The records below need to be repeated exactly, though not their pictures.

BEGIN

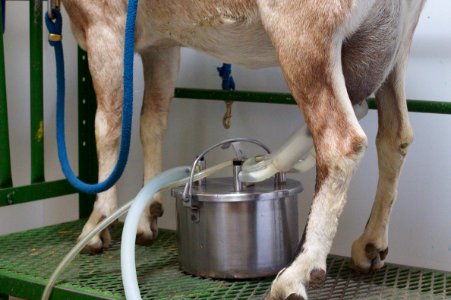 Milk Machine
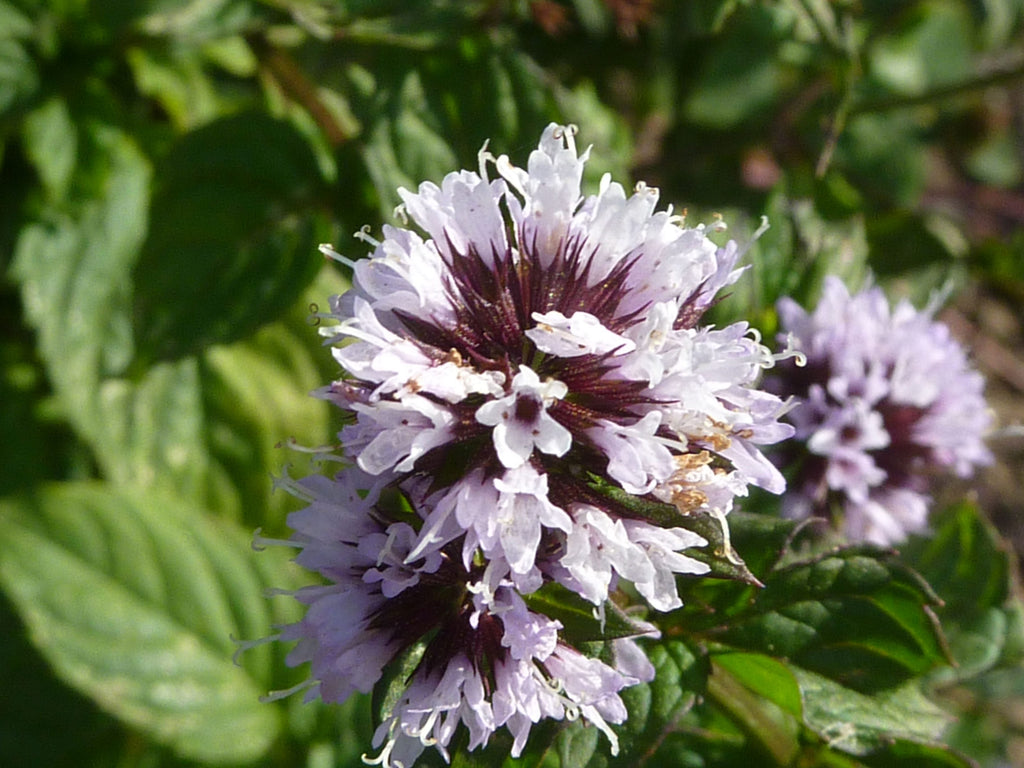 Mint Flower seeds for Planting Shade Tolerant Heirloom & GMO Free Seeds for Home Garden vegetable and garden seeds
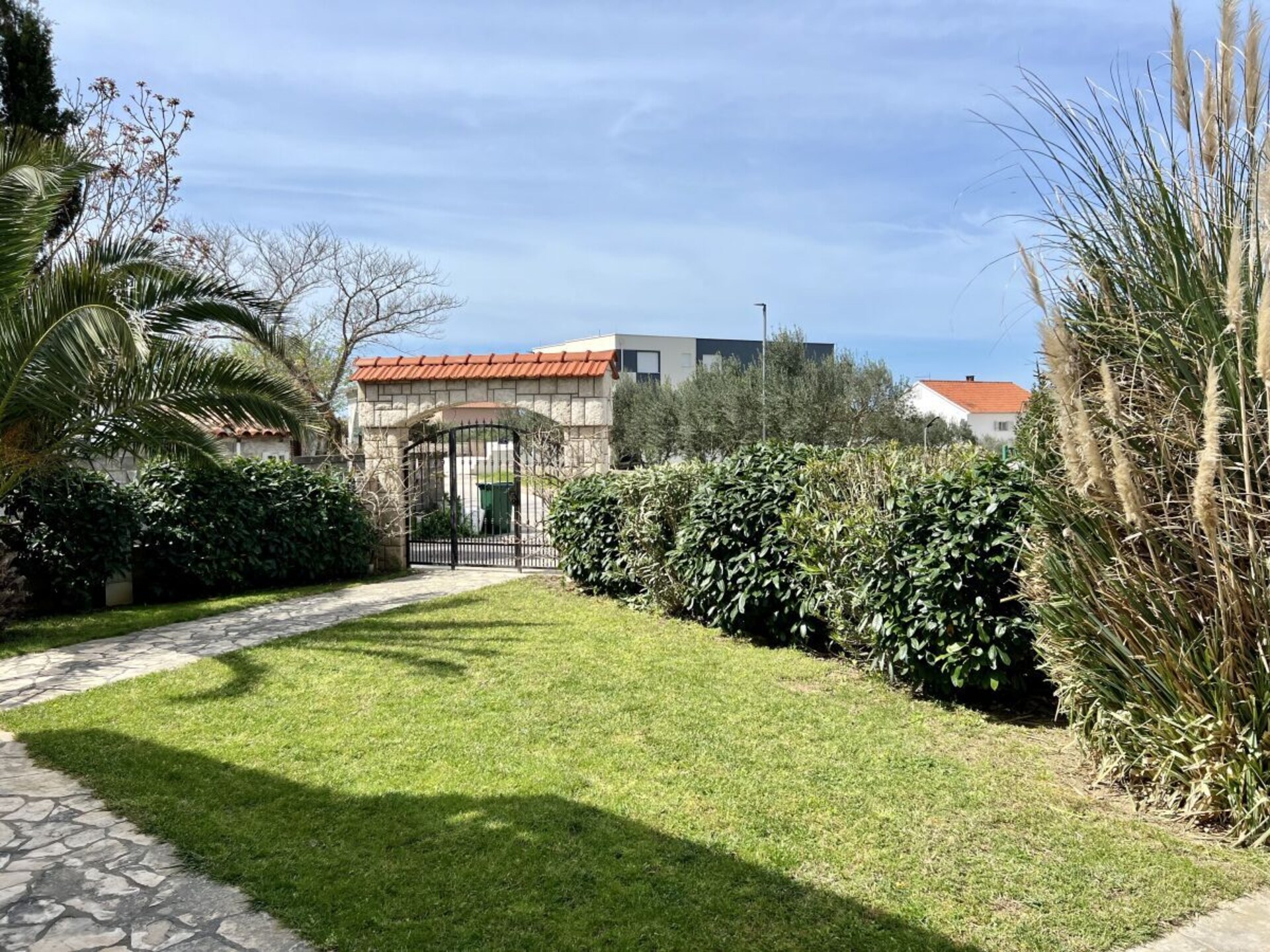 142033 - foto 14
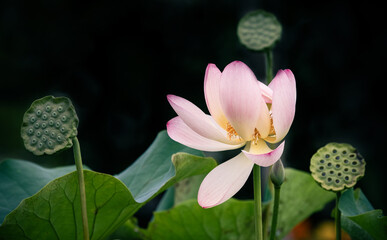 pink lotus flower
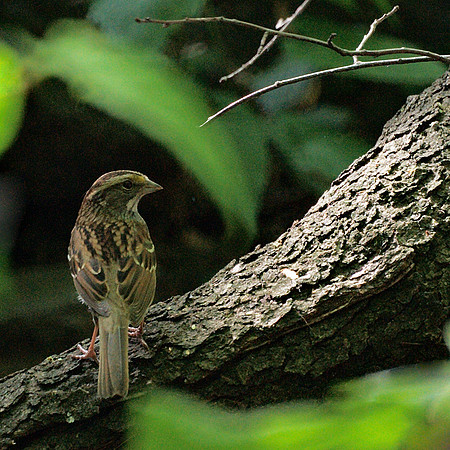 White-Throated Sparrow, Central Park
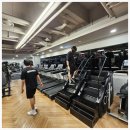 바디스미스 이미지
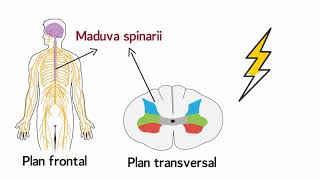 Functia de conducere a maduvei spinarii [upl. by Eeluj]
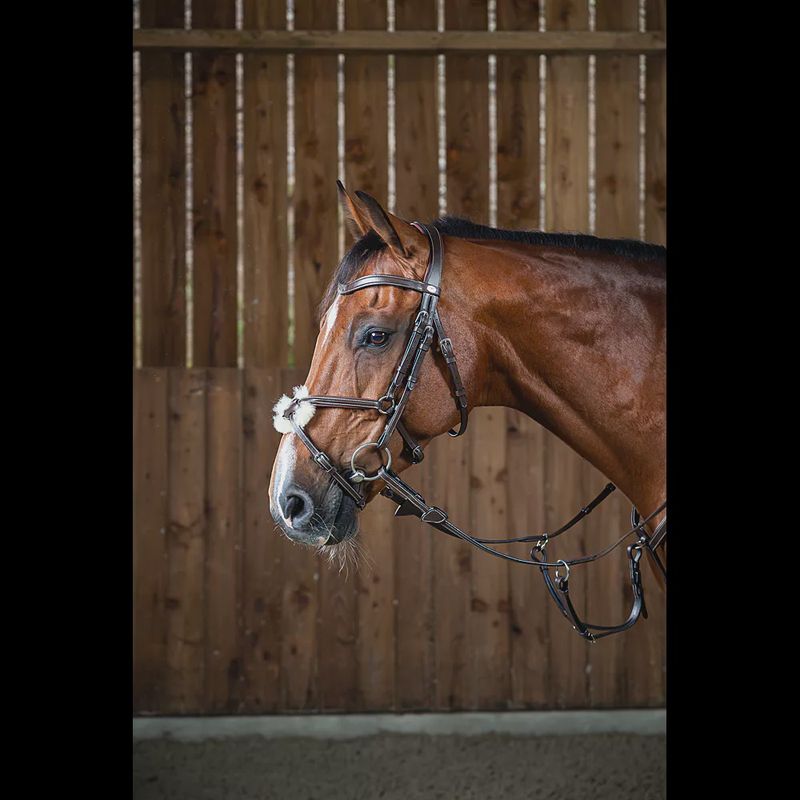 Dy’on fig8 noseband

END

▸ FINAL ANSWER
 Milk Machine
 Mint Flower seeds for Planting Shade Tolerant Heirloom & GMO Free Seeds for Home Garden vegetable and garden seeds
 142033 - foto 14
 pink lotus flower
 White-Throated Sparrow, Central Park
 바디스미스 이미지
 Functia de conducere a maduvei spinarii [upl. by Eeluj]
 Dy’on fig8 noseband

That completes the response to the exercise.